Aim of the task - Beginning with the line where "2017-18 Upper Deck" appears, set down each line exactly until the records below end, and omit the pictures.

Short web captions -
—————

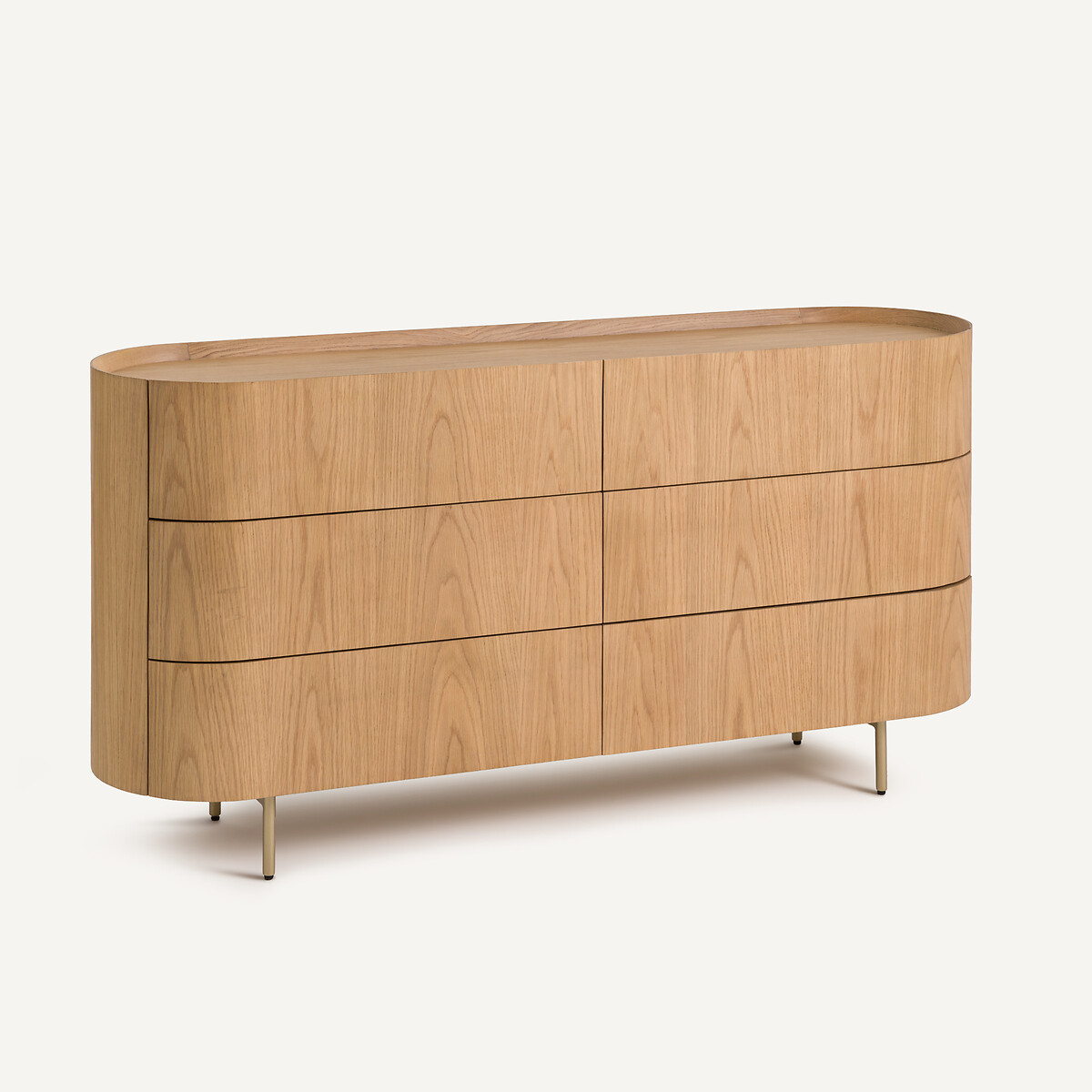 Commode 6 tiroirs, chêne et plaqué chêne, Aslen chêne naturel, AM.PM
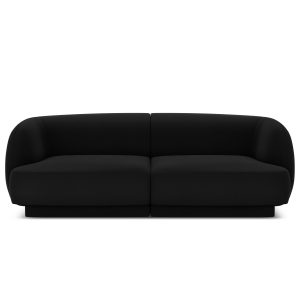 MICADONI Miley sofa, 2 sæder - sort fløjl og sort plast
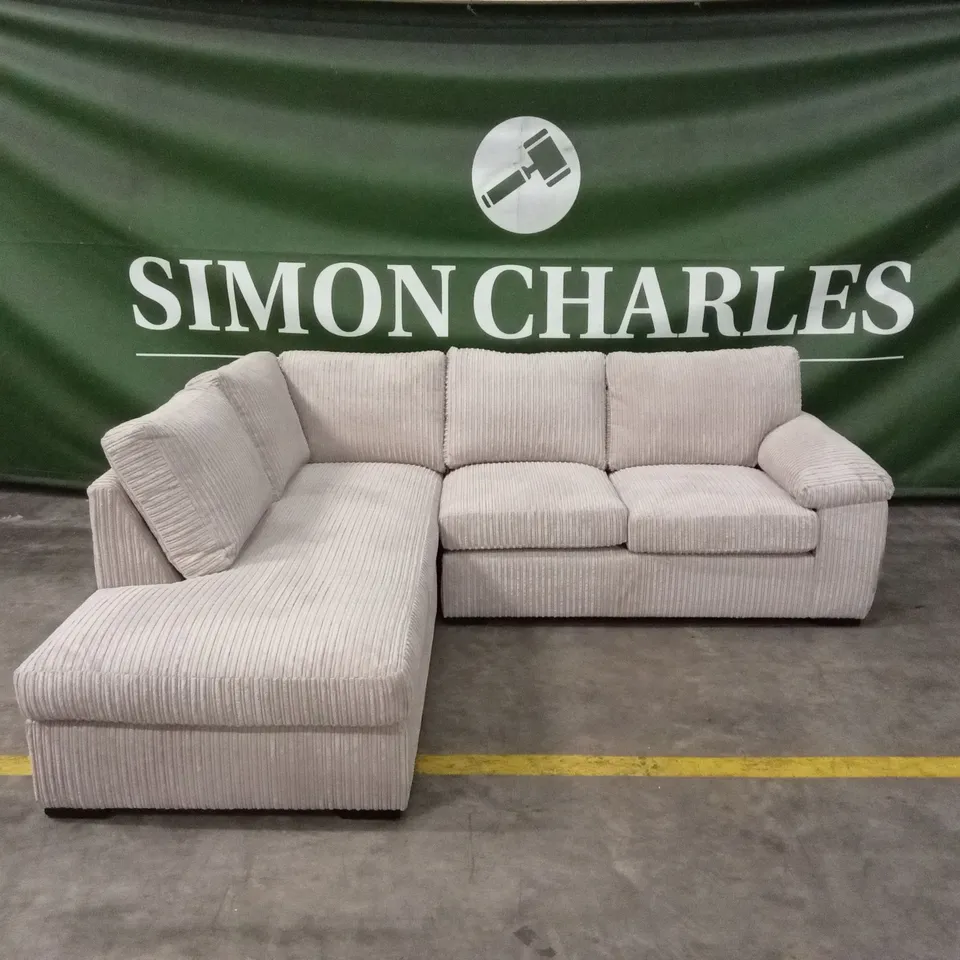 AMALFI STANDARD BACK LEFT HAND FABRIC CORNER CHAISE SOFA - CREAM RRP £949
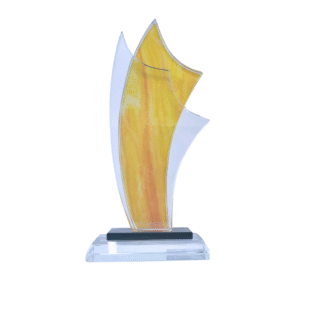 Yellow Printed Glass Trophy - CS-PRI-03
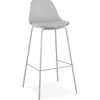 ALTEREGO Tabouret de bar 'COOKIE' gris style industriel Discount
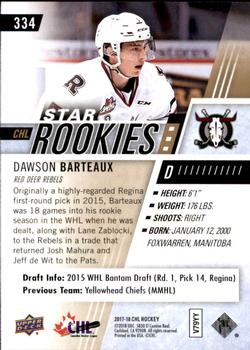 2017-18 Upper Deck CHL #334 Dawson Barteaux Back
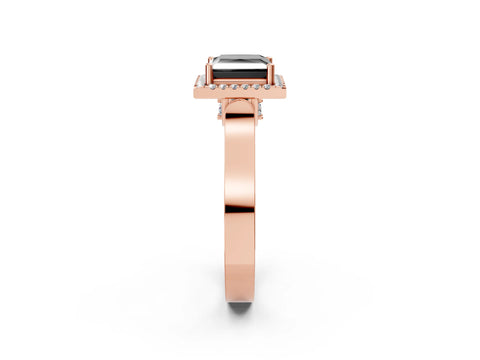 Rose gold Fancy Black Princess Cut Halo Round Diamond Twist Band with Four-Prong Setting_2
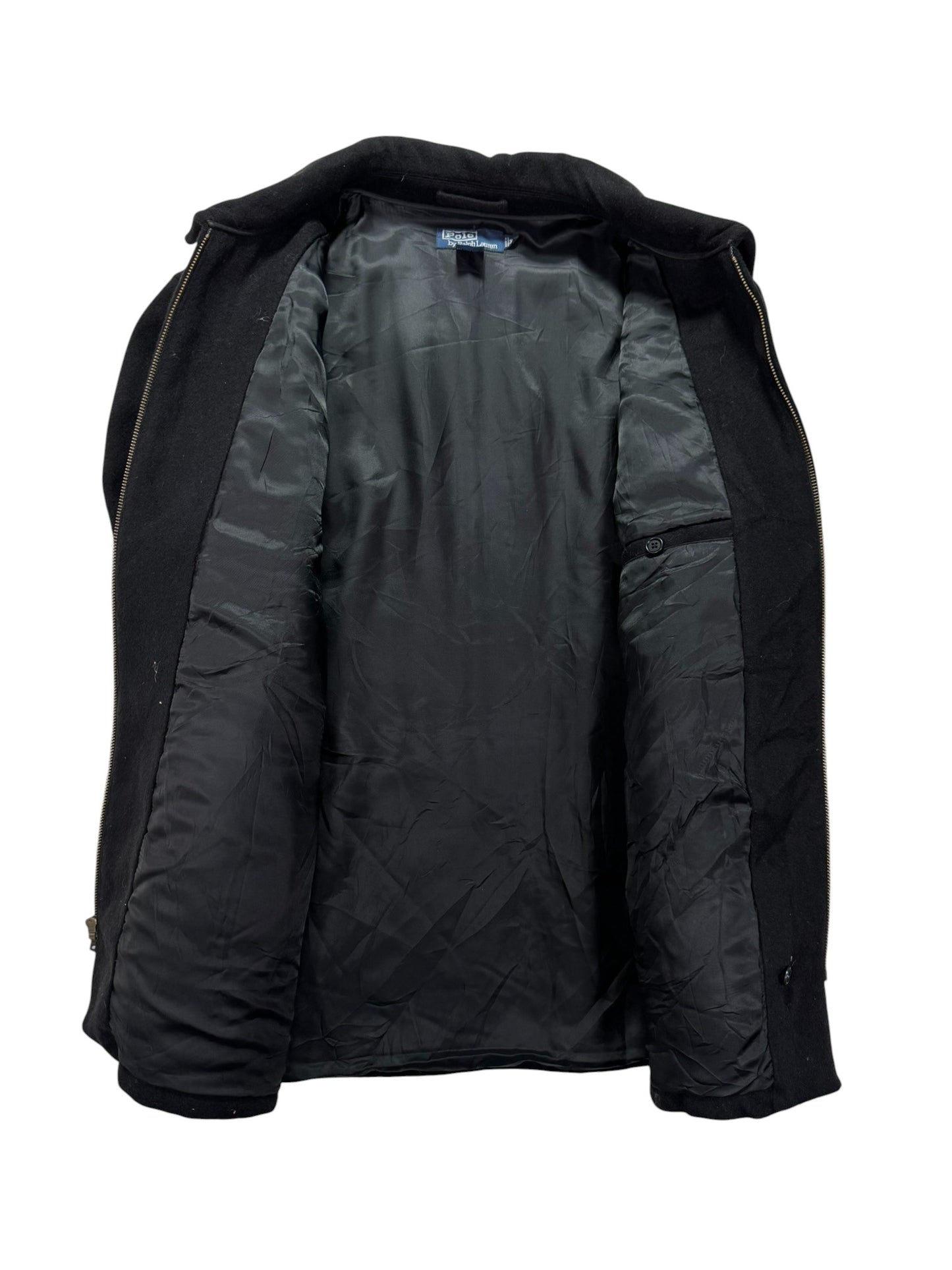 Vintage Polo Ralph Lauren Coat Mens Size XL Black Wool Blend Heavy Full Zip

—————

Solution -
 2017-18 Upper Deck CHL #334 Dawson Barteaux Back
 Rose gold Fancy Black Princess Cut Halo Round Diamond Twist Band with Four-Prong Setting_2
 Vintage Polo Ralph Lauren Coat Mens Size XL Black Wool Blend Heavy Full Zip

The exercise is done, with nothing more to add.